统计数据分析代写 STA4003代写 R代写 时间序列代写
836STA4003 Project 统计数据分析代写 The submitted codes must be clearly written in a R file with an output MSE. A report to describe your analysis is required. The submitted codes must ...
View detailsSearch the whole station
决策方法和预测分析代写 Objective This take-home project is one of three assessments (along with Tests 1 & 2) in this unit. It is worth 60% of the overall mark.
This take-home project is one of three assessments (along with Tests 1 & 2) in this unit. It is worth 60% of the overall mark.
The main objective is to allow the participants in the unit to demonstrate their grasp of the fundamentals and practical use of statistical and machine learning methods for prediction/classification that have been discussed during the unit, and those that participants will research on their own.
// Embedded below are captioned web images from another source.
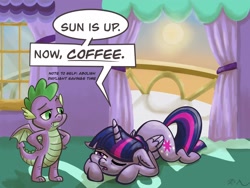 Size: 2048x1536 | Tagged: safe, artist:catscratchpaper, imported from derpibooru, spike, twilight sparkle, alicorn, dragon, pony, dialogue, duo, ear fluff, face down ass up, floppy ears, lying down, one eye closed, prone, speech bubble, sunrise, tired, twilight sparkle (alicorn), winged spike, wings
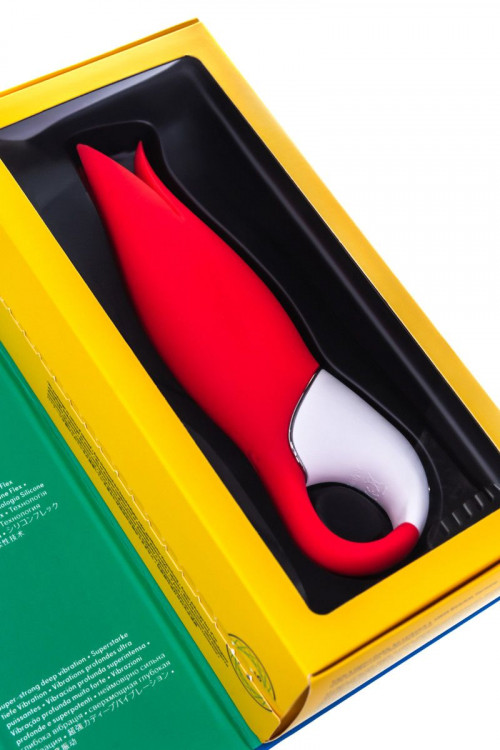 Красный вибратор Satisfyer Vibes Power Flower с лепестками - 18,8 см.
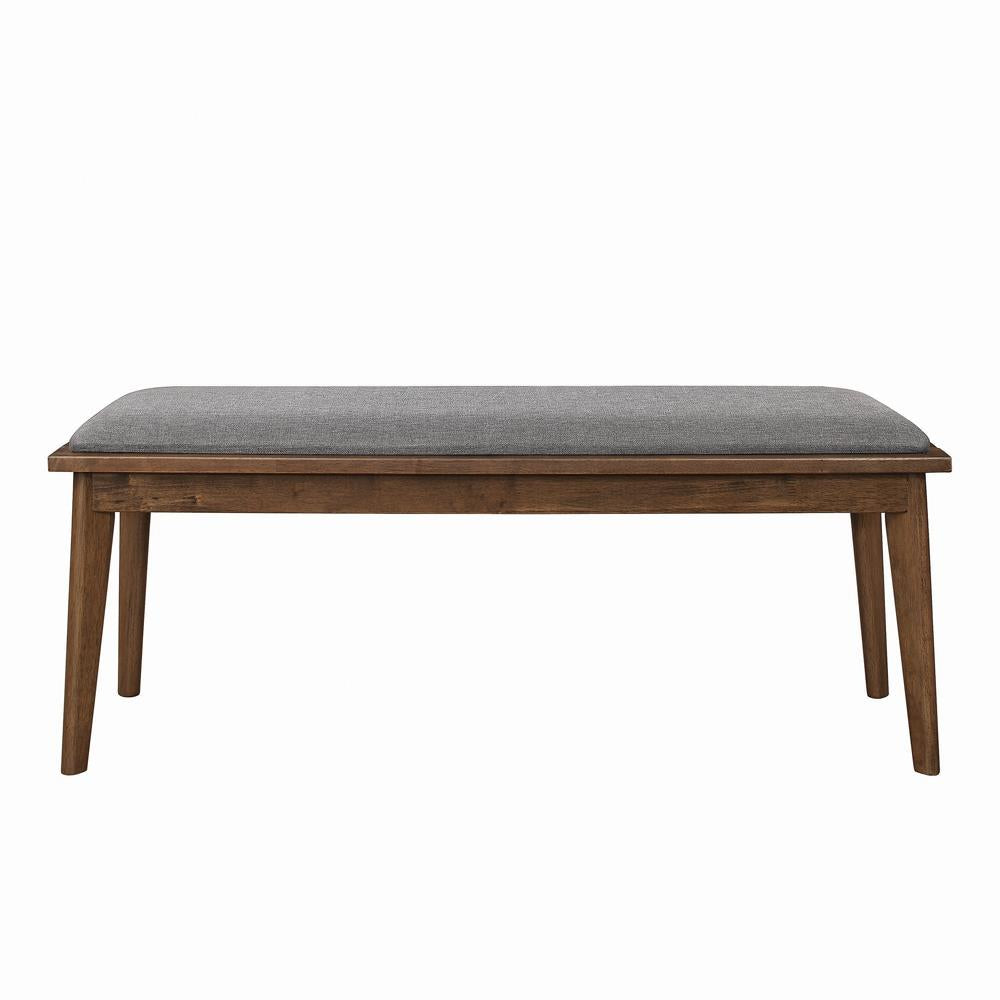 Alfredo Gray/Natural Walnut Upholstered Dining Bench - 108083 - Bien Home Furniture & Electronics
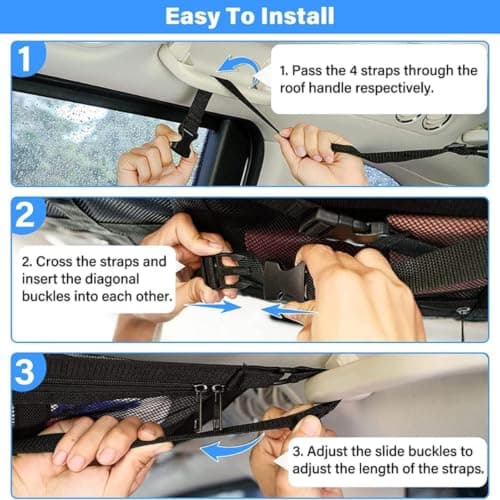 Zippered Car Roof Storage Net Organizer with Mesh, Beige C — view 5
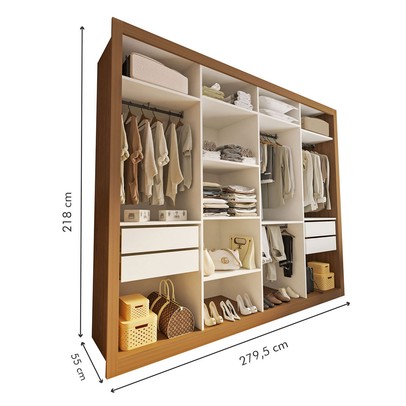 Closet Casal Florença 4 Gavetas Carvalho/Branco - Minastex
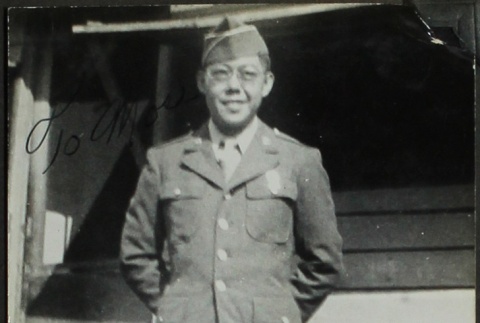 Signed portrait of Japanese American soldier (ddr-densho-201-271)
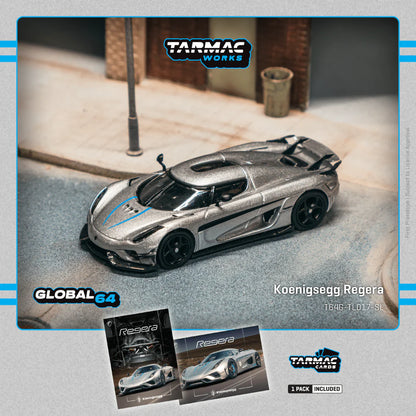 Tarmac Works 1/64 Koenigsegg Regera Silver Metallic / Blue Accents with Tarmac Cards Combo Set - GLOBAL64 - T64G-TL017-SL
The project should focus on the analysis of a substantive dataset that participants may obtain from online sources, or from their place of work.
Up to now, in both lectures and tutorials, we have analyzed data and fitted predictive models as if the steps to do so were clear, well-laid out, and led invariably to a ‘correct’ answer. Reality, however, is messier. There is not a linear path from problem and data to solution, and one of the pedagogical objectives of the project is to allow participants to get some sense of that.
Participants should work (with some exception) in teams of 2 people. Analysis and reporting are to be carried out in R/RStudio using R Markdown.
Task | Mark | Due |
Proposal (2–3 pages) | 10% | TW7 |
Peer Review of Proposal | 5% | TW8 |
Written Report | 35% | TW12 |
Oral Presentation | 10% | TW12 |
Details of each of these assessments are shown below, and rubrics and other reference material will be available on Blackboard.
Participants may wish to use data from their own workplaces, as long as confidentiality requirements do not prevent them from writing a report that will be read by the lecturer nor from speaking about their analysis to the other participants in the unit.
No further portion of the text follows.